● PROMPT:
Look through the data below for the line with "Pollanisus (genus) at", and transcribe it exactly together with each line after it up to and including the line with "Matthew Tong - Washingtons Wilderness Coast". Give nothing else.

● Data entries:
*** Block opens ***
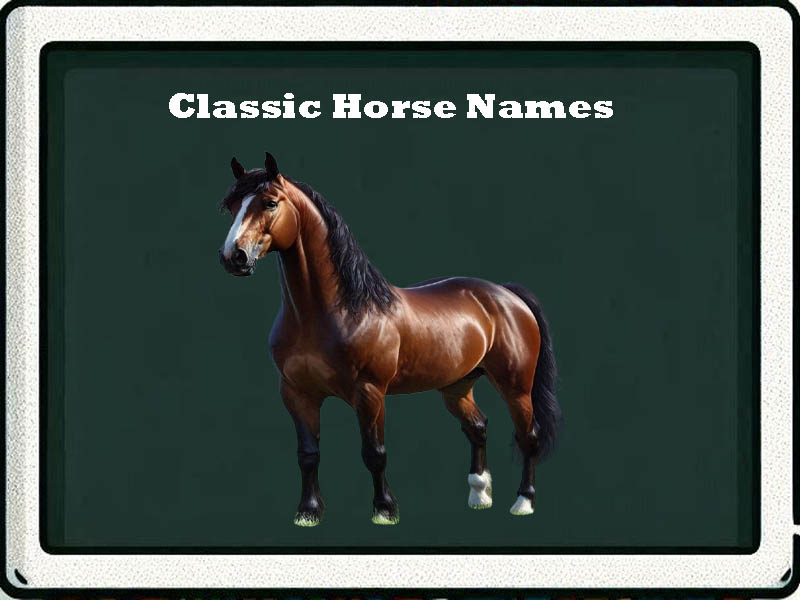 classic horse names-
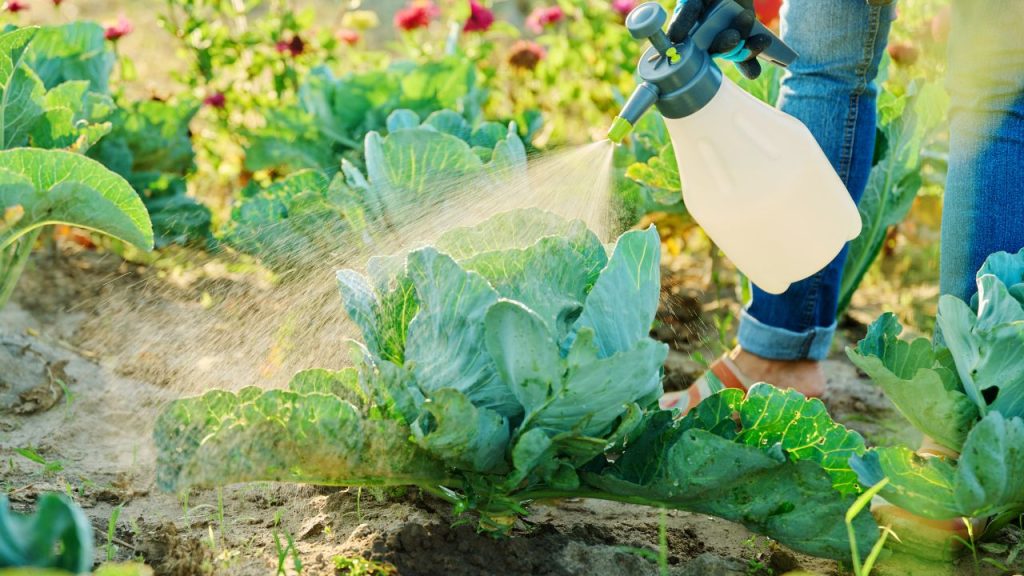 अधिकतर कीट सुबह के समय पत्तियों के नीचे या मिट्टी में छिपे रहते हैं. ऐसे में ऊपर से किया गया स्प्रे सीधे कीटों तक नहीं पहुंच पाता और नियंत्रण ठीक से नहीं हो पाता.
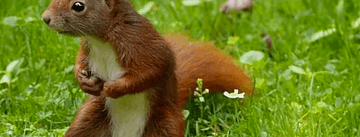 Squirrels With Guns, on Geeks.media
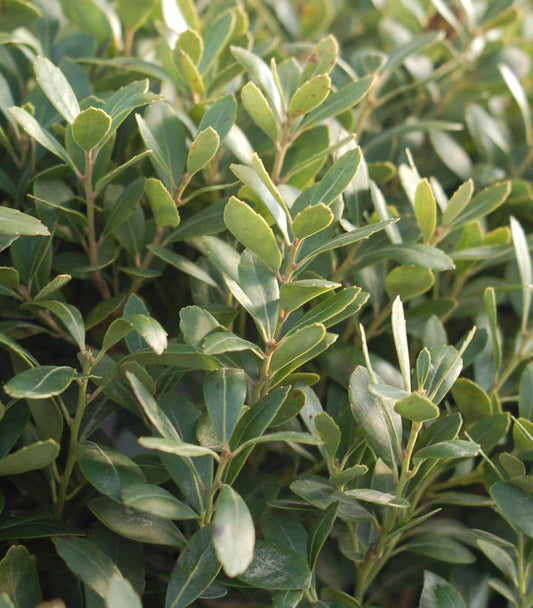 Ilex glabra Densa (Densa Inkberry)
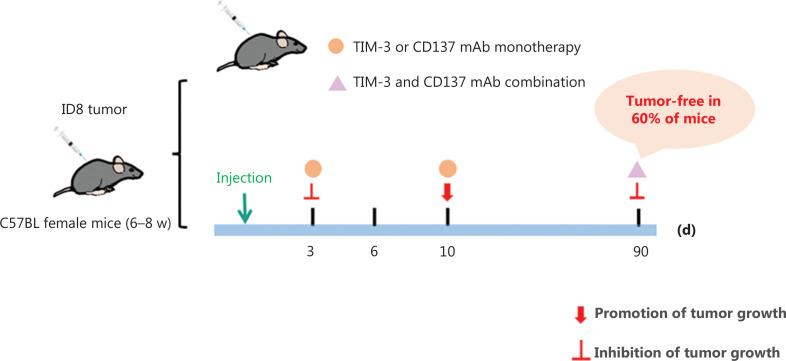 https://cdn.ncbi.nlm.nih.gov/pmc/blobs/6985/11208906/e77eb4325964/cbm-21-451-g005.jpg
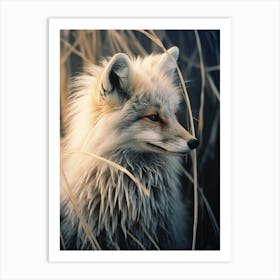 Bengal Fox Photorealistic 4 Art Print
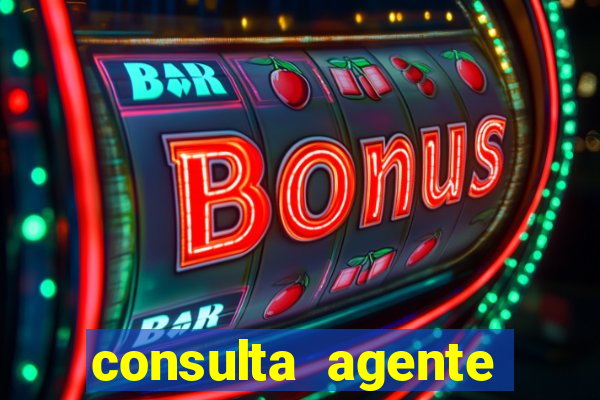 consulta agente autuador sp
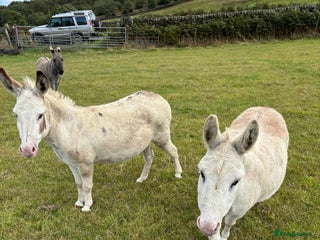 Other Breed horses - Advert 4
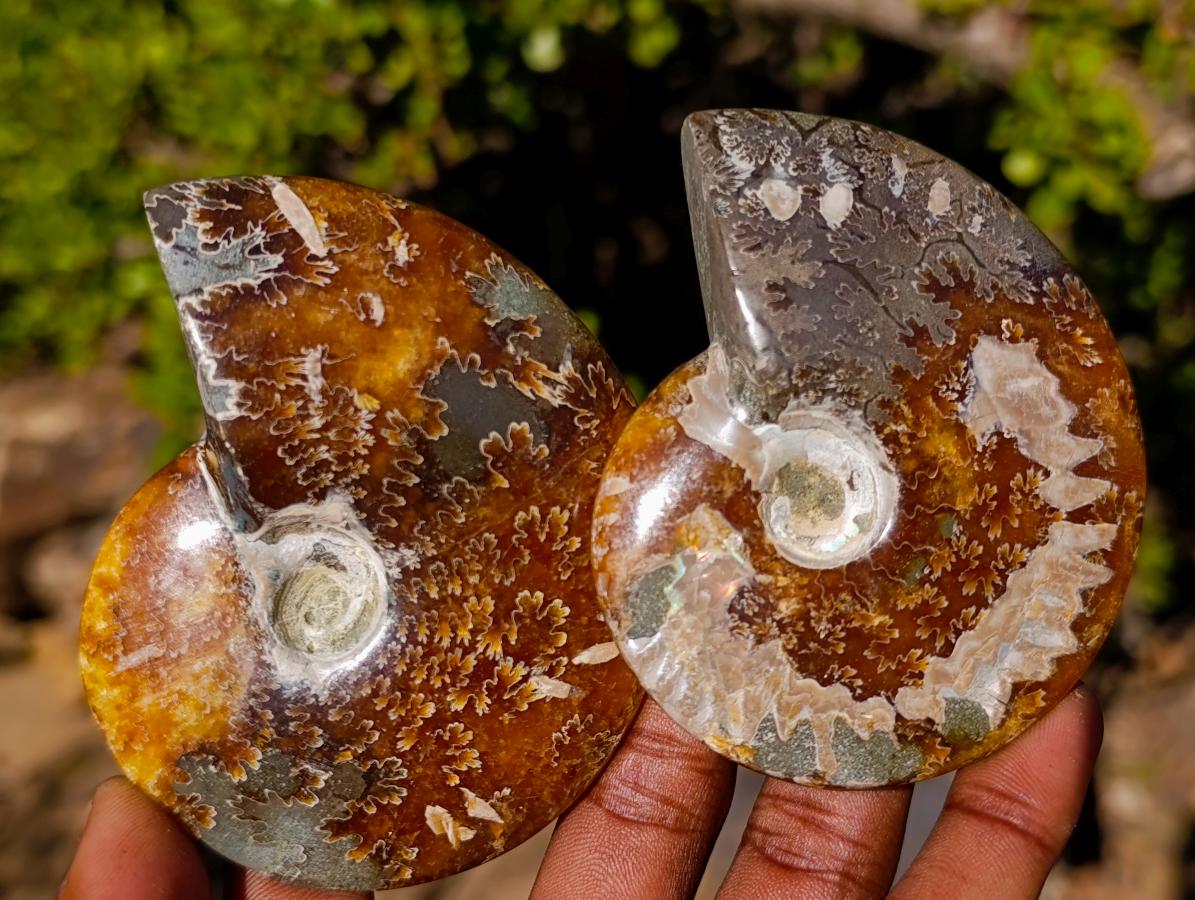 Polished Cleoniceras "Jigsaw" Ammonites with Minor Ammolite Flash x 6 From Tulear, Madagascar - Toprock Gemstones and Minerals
*** Block closes ***
*** Block opens ***
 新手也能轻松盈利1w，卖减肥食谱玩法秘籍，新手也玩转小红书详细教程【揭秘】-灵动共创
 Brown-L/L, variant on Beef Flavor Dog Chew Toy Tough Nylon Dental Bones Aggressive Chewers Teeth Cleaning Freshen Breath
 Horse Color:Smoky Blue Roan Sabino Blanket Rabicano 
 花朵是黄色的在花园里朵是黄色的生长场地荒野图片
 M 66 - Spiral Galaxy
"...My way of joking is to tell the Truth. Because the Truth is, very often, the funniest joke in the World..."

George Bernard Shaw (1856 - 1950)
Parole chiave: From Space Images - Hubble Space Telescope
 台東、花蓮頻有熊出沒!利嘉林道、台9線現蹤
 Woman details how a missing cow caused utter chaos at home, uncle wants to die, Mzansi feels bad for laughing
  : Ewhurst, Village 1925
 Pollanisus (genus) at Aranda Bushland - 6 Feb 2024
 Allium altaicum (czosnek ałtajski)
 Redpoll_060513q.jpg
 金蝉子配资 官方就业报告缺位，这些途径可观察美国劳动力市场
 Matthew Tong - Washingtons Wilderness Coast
*** Block closes ***
*** Block opens ***
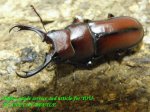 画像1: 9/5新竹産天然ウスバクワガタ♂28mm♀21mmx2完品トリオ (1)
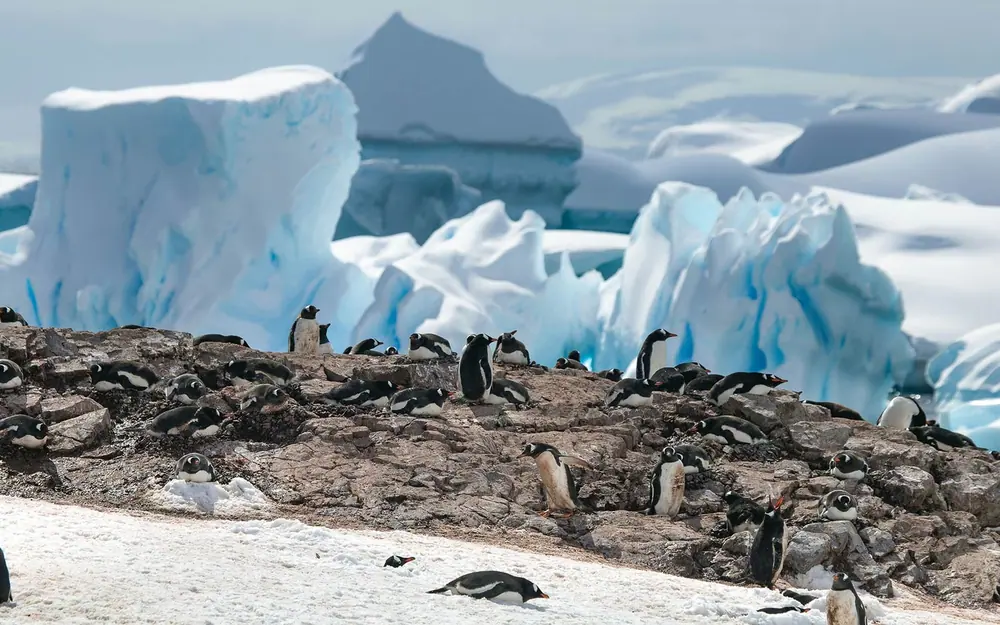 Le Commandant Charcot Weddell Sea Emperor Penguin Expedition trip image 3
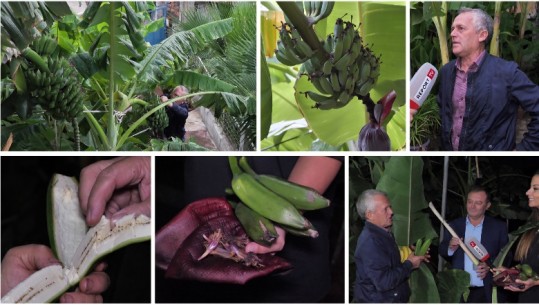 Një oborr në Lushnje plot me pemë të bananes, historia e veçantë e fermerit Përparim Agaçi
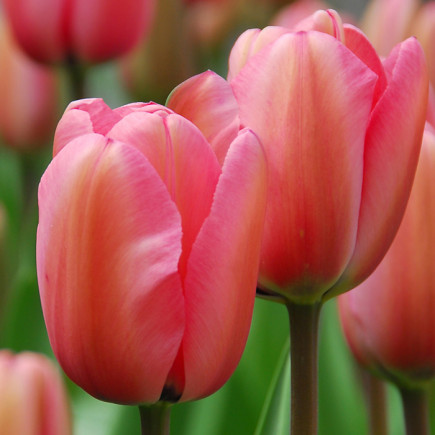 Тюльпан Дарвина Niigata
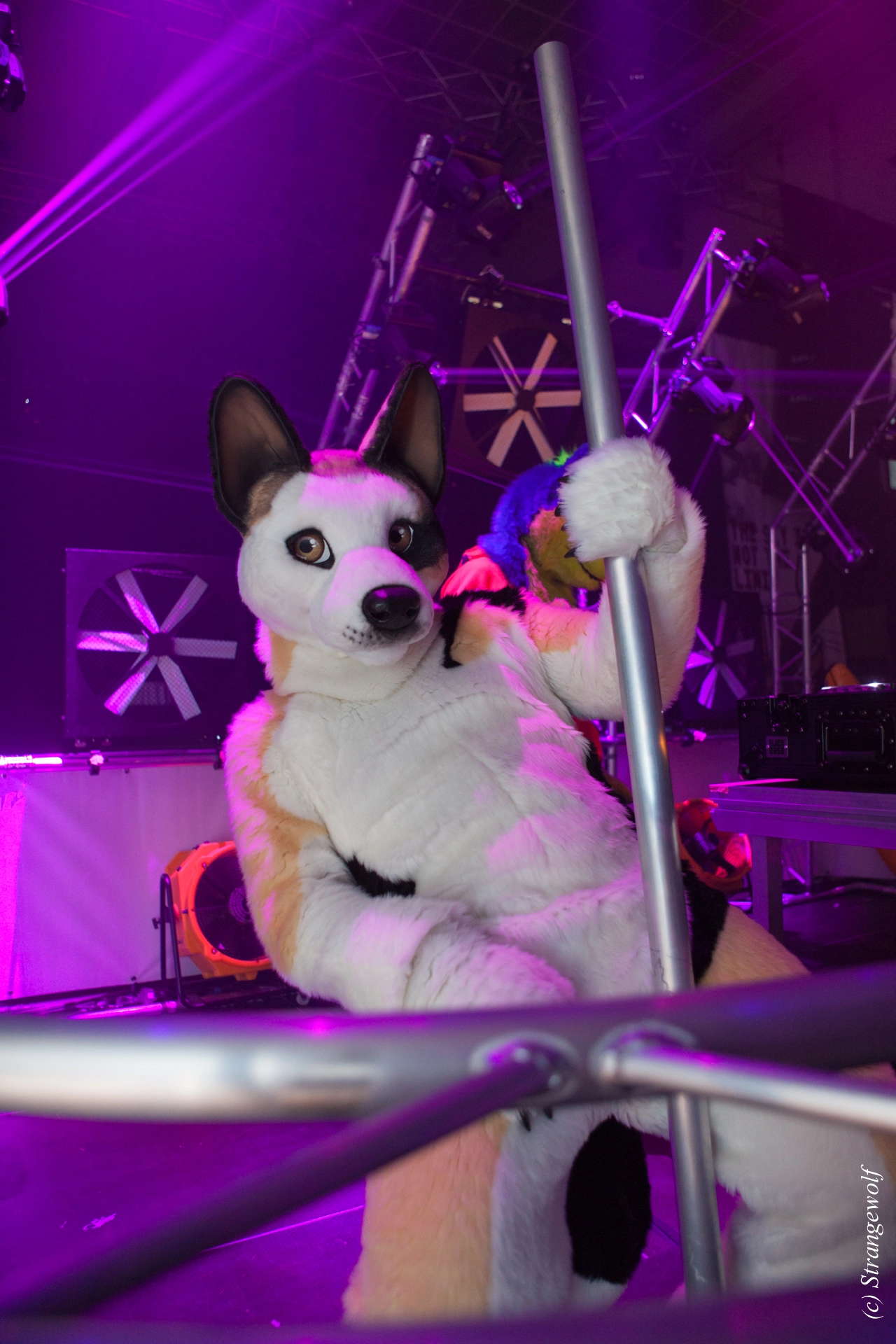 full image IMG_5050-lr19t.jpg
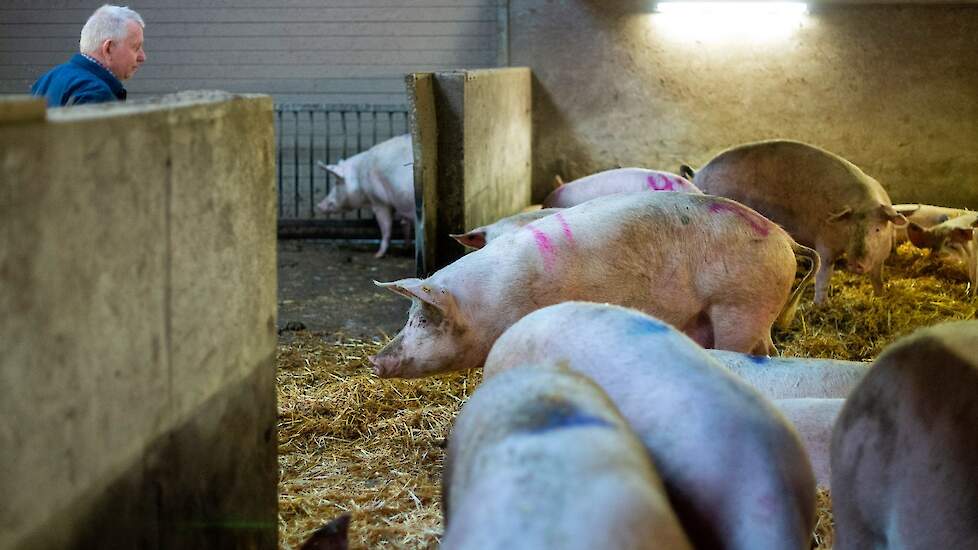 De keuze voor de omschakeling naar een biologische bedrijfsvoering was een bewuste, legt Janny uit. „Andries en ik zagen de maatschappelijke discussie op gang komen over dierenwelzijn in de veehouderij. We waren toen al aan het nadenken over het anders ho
*** Block closes ***
● FINAL ANSWER:
 Pollanisus (genus) at Aranda Bushland - 6 Feb 2024
 Allium altaicum (czosnek ałtajski)
 Redpoll_060513q.jpg
 金蝉子配资 官方就业报告缺位，这些途径可观察美国劳动力市场
 Matthew Tong - Washingtons Wilderness Coast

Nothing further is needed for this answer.